I'm specifically wondering how this optimizer would know to replace a high-level function (referencing multiple other functions/high-level functions) could be replaced by another function. Same with a set of these functions. The optimizer would have to somehow know the intent of the programmer it seems, but who knows maybe they've figured out a way.

Best Answer

Whole program optimization includes (practically, at least for C or C++ and similar languages) inlining across translation units, so is sometimes (improperly) called link-time optimization (LTO), but still is done by the compiler also running during the linking step. BTW, LTO existed at least since the 1990s (and probably even in the mainframe time, 1970s).

In practice, recent compilers such as GCC or Clang are able to do that, e.g. with the -flto optimization flag (to be passed, with some other flag like -O2, both at compile and at link time to gcc, clang, g++, clang++ etc...). That works essentially by almost duplicating the optimization effort: for every translation unit, the internal representation of the source code (e.g. some kind of GIMPLE for GCC) is also generated in the object files. At "link" time all these representations are optimized together again. So the overall compilation time (including "link-time optimization" which happens in the compiler...) is nearly doubled in practice.

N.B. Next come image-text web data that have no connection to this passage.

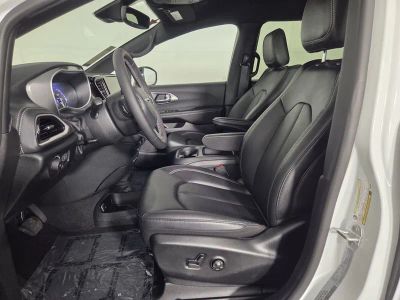 2026 Chrysler Pacifica — photo 10 view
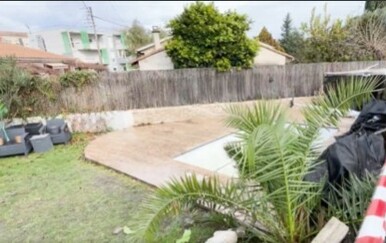 Tinejdžeri autom sletjeli u bazen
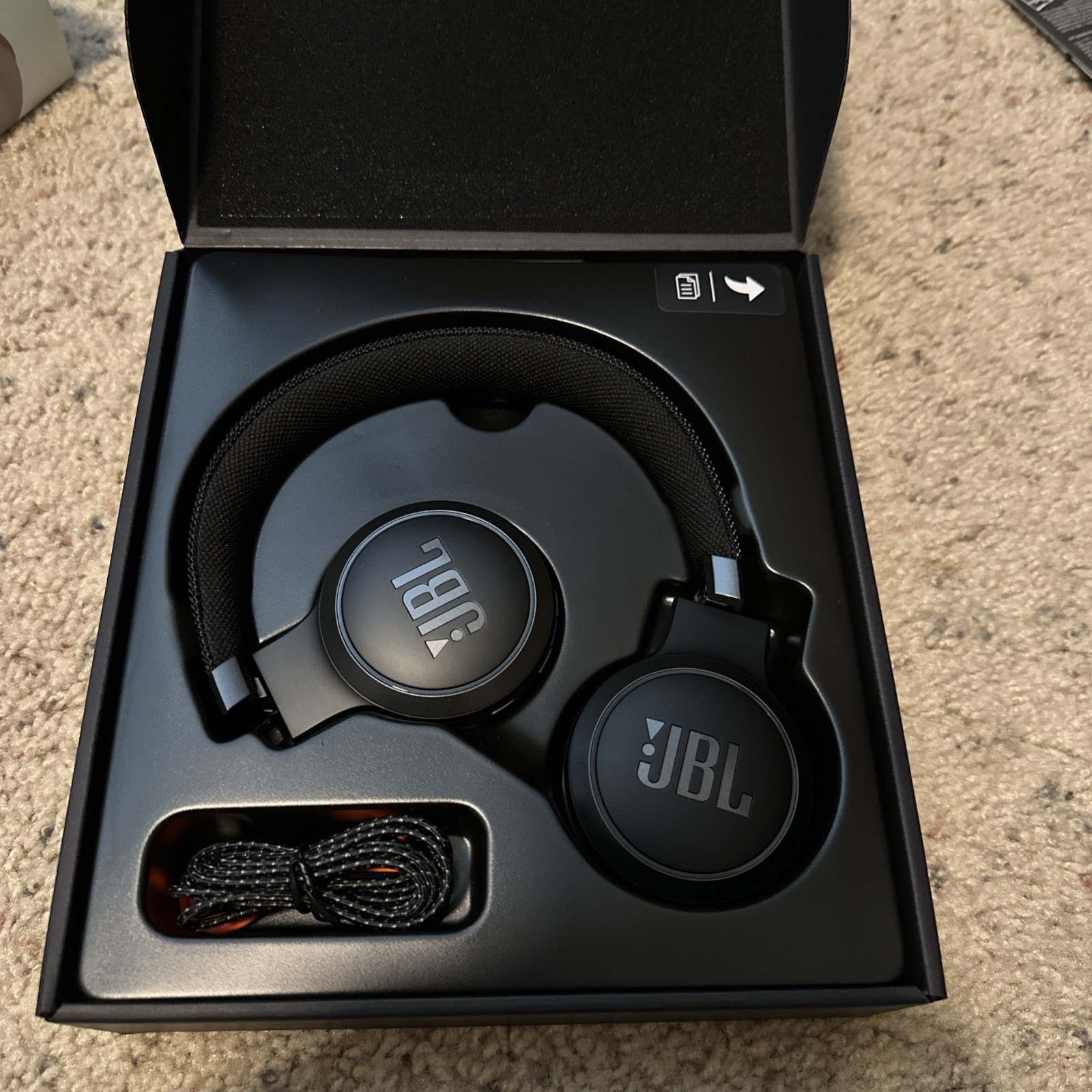 JBL Live 460NC Wireless Bluetooth Noise Cancelling On Ear Headphones Black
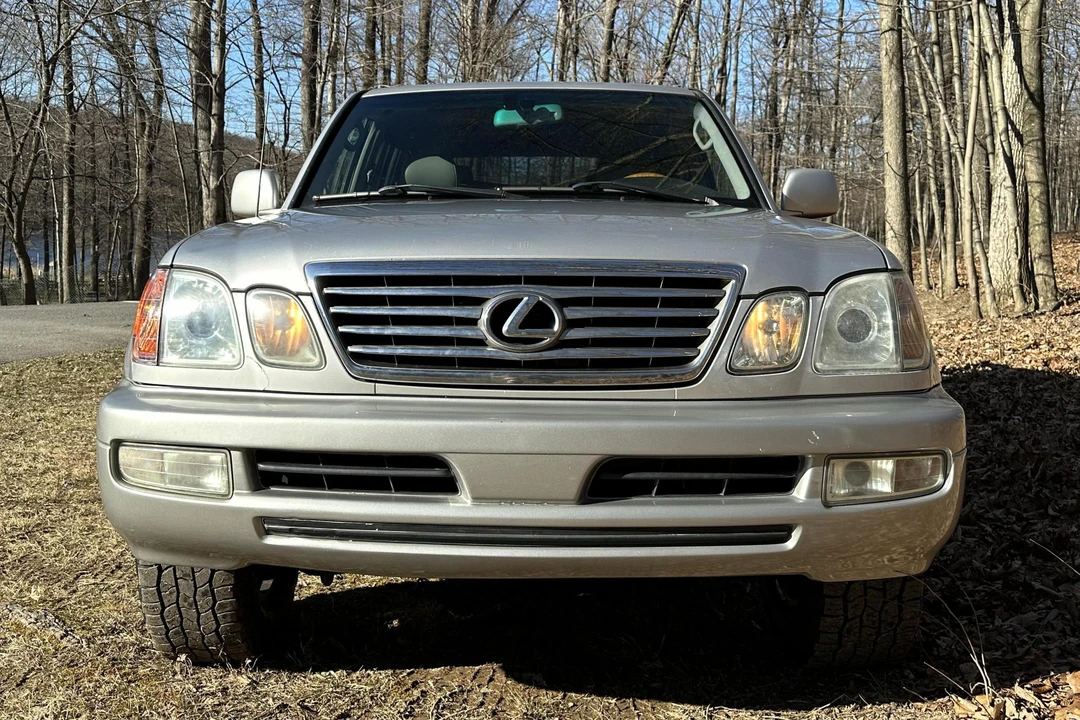 2007 Lexus LX 2nd Gen - Image 2 of 31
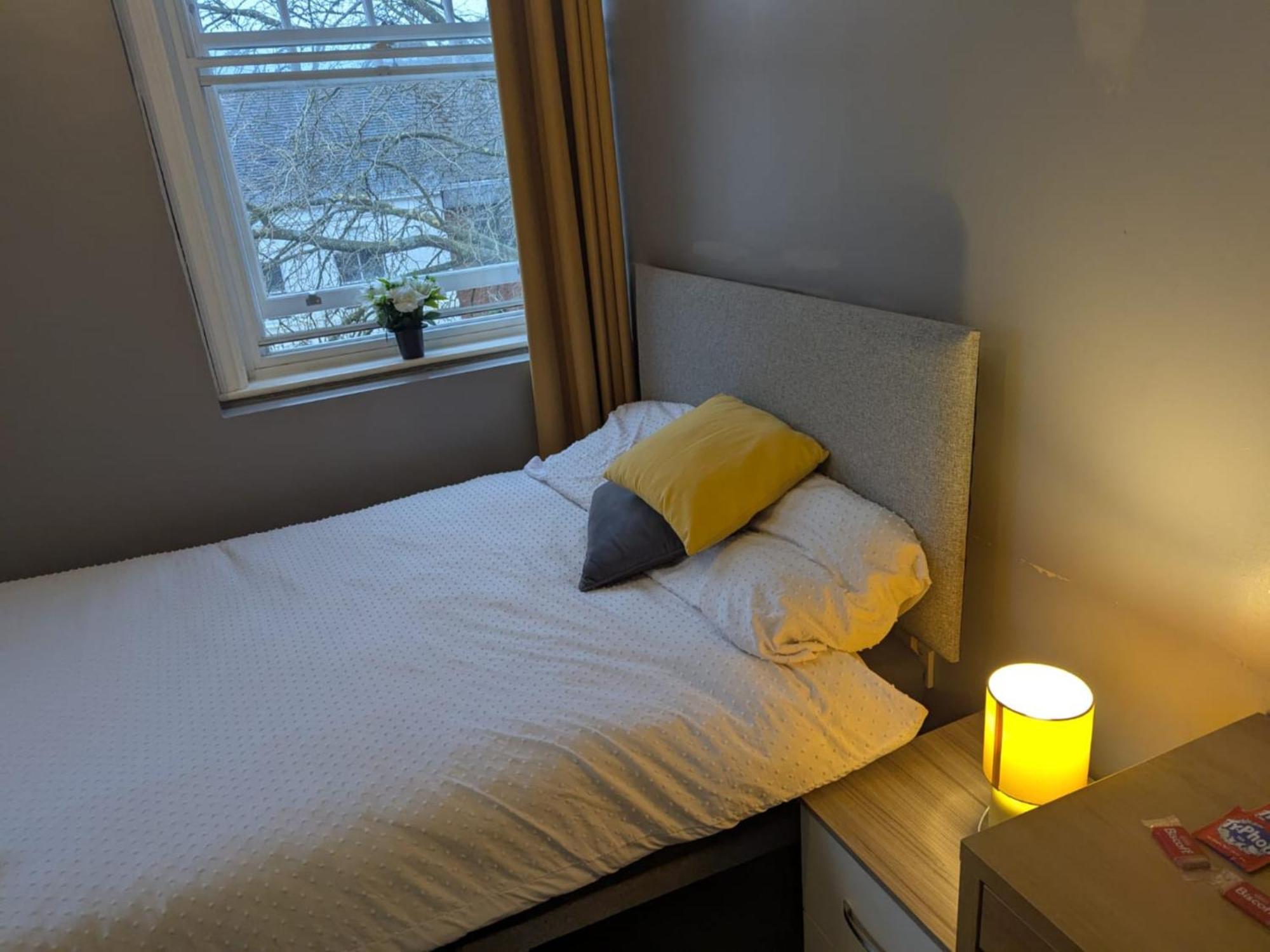 Darwin Stays - Service Accommodation In Newcastle Under Lyme City Centre Exterior photo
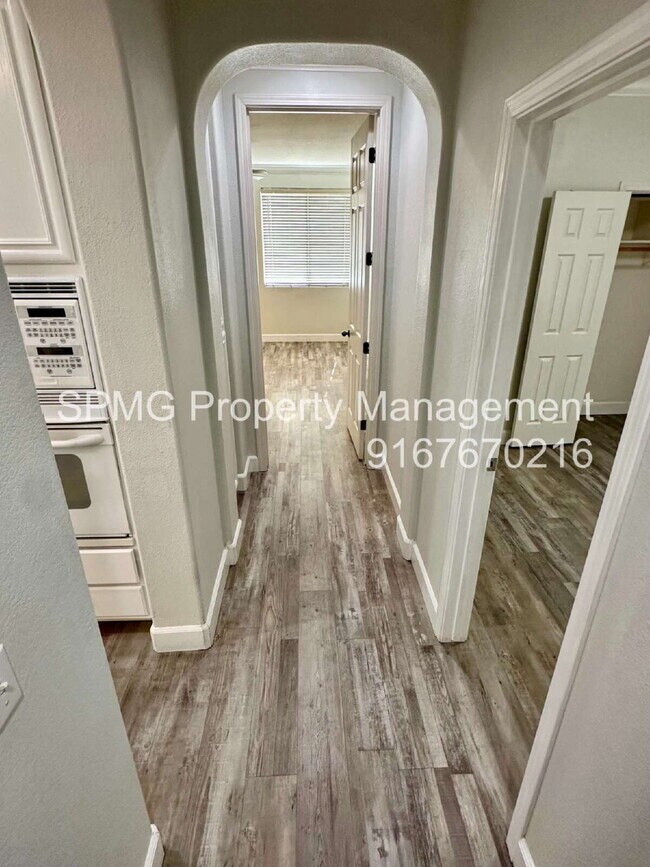 Building Photo - 5755 Bridgecross Dr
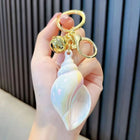 Llavero a Crochet Paso a Paso: Concha Iriada y Perla Aurora – Accesorio Artesanal de Lujo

However, link-time optimization is usually not worth the effort, since in practice you double the build time to gain only a few percents of performance at runtime of the compiled program (of course, there are exceptions to this rule-of-thumb observation).

Compilers for languages having an explicit notion of modules (and reifying their representation in some kind of data), or for homoiconic languages, may also whole program optimize in a different way (by still having a representation of the code of the entire program). Look into Stalin or PolyML (or even Ocaml or Go or SBCL sometimes) or CAIA or SELF for examples. Even the C++20 standard should have modules.

(I don't understand why researchers named their prototype software "Stalin". That name is so disgusting to me that I am psychologically unable to try that compiler. For future academics: please name your software carefully!)